Severity: 🔴 P0. Because it's a directional consensus the community grew out of its own pain — not a vendor's marketing.
Severity summary¶
| Pain point | Severity | Breadth | Solved? |
|---|---|---|---|
| Spec ↔ code drift | 🔴 P0 | Category-wide | Openly unsolved |
| Prose can't hold the agent (skip / deviate / false-done) | 🔴 P0 | Category-wide | Unsolved; users asking for mechanism |
| Review-burden inversion (generation cheap, verify is bottleneck) | 🔴 P0 | Very common | Unsolved |
| "Looks like good engineering" slop | 🟠 P1 | Very common | Unsolved |
| Context saturation (specs flood the window) | 🟠 P1 | SDD tools broadly | Unsolved |
| Prototype-to-prod / 90-day tech-debt wall | 🟠 P1 | Very common | Unsolved |
| Cost / token blowup (vs. plain-agent baseline) | 🟠 P1 | SDD tools broadly | Unsolved |
| Loss of intent (nobody knows why) | 🟠 P1 | Common | Unsolved |
| Ceremony overkill = waterfall / illusion of work | 🟠 P1 | SDD tools broadly | Unsolved |
| Non-determinism (same spec, twice, different result) | 🟠 P1 | Common | Inherently hard |
| Cognitive fatigue / never-finished vigilance burnout | 🟠 P1 | Strongly reproduced | Unsolved |
| Tests as false safety (LLM games its own tests) | 🟠 P1 | Common | Unsolved |
| Over-engineering / ignores existing codebase | 🟡 P2 | Common | Unsolved |
| Skill atrophy & broken junior pipeline | 🟡 P2 | Societal | — |
| OSS maintainers drowning in AI slop PRs | 🟡 P2 | OSS-local but already happening | Unsolved |
What we read into this list¶
The observation ends here. What follows is our reading.
The three P0s interlock: review doesn't scale because the agent's code has shed its intent and will drift from the spec at any moment; and the reason nothing holds it is that everyone keeps using prose (prompts, ever-longer spec docs) to constrain a thing that doesn't read prose.
The striking part is that the community has already shouted the shape of the answer — "mechanism, not more prose" (agent-os asking for hook enforcement, spec-workflow asking for "structurally impossible" gates).
That's the bet SpexCode makes:
- Against drift — we don't treat the spec as a document you must remember to write back. A node's "version" is the count of content commits to its
spec.md; drift is derived live from git, no stored hashes, no reliance on discipline. Spec and code are forced into the same commit by the same gates (pre-commit,main-guard, commit-before-declare). - Against "prose can't hold the agent" — in SpexCode the contract is data (a config node), auto-discovered by the harness as an always-on mechanism, not a launch-time
--append-system-prompt. The "deterministic enforcement" people ask for elsewhere is the default here. - Against loss of intent — original intent and design decisions live next to the code and can be read; the recent/history version timeline, plus each commit's
Session:attribution, reconstruct "why it changed" straight from git.

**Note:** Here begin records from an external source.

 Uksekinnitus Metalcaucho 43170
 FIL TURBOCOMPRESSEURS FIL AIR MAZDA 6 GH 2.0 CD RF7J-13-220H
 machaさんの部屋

We don't claim to have solved drift — it's an industry-wide hard problem. We've simply chosen to take the project's most extreme belief, "git is the database," all the way: let spec and code be forced into sync by one mechanism in git, rather than by anyone's discipline. That's the same thing we said in The Second Day Problem — bending the agent's flat capability curve upward.

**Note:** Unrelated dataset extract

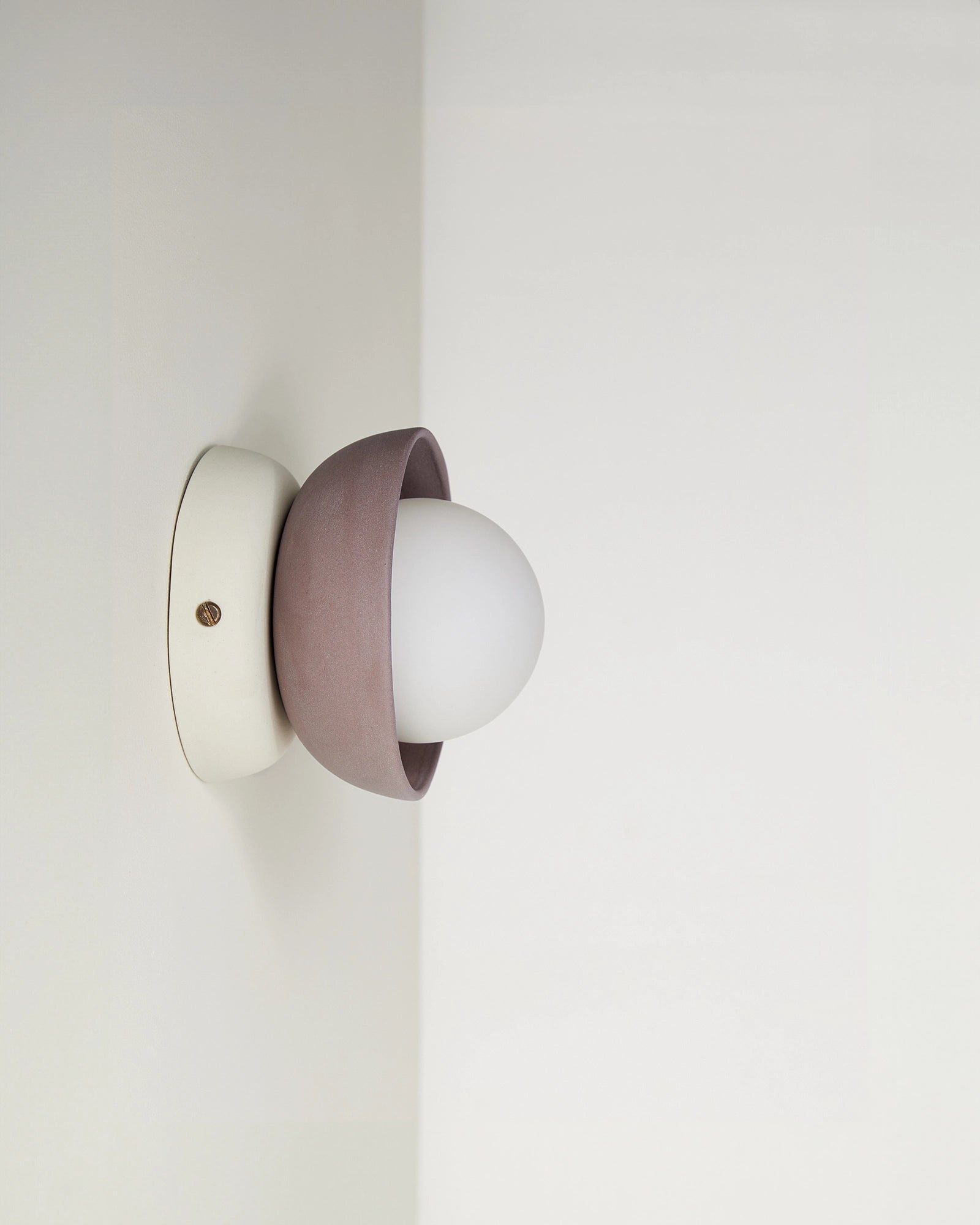 Mani Mini Wall Light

Sources: Hacker News threads — Back to writing by hand, Vibe coding kills open source, Fatigue, Vibe code hell, Vibe Debugging, Waterfall Strikes Back, Are you still using SDD?; GitHub projects — spec-kit (#75/#1784, #464, #620, #1401), Kiro (#2171), OpenSpec (#169, #1159), agent-os (#33/#36/#37), spec-workflow-mcp (#199), claude-code-spec-workflow (#41); longer pieces — Nils Kjellman, Isoform, François Dexemple (Kiro review), Red Hat; the productivity figure is from METR's randomized controlled trial (arXiv 2507.09089). Quotes are verbatim; where a Chinese translation exists, the original governs.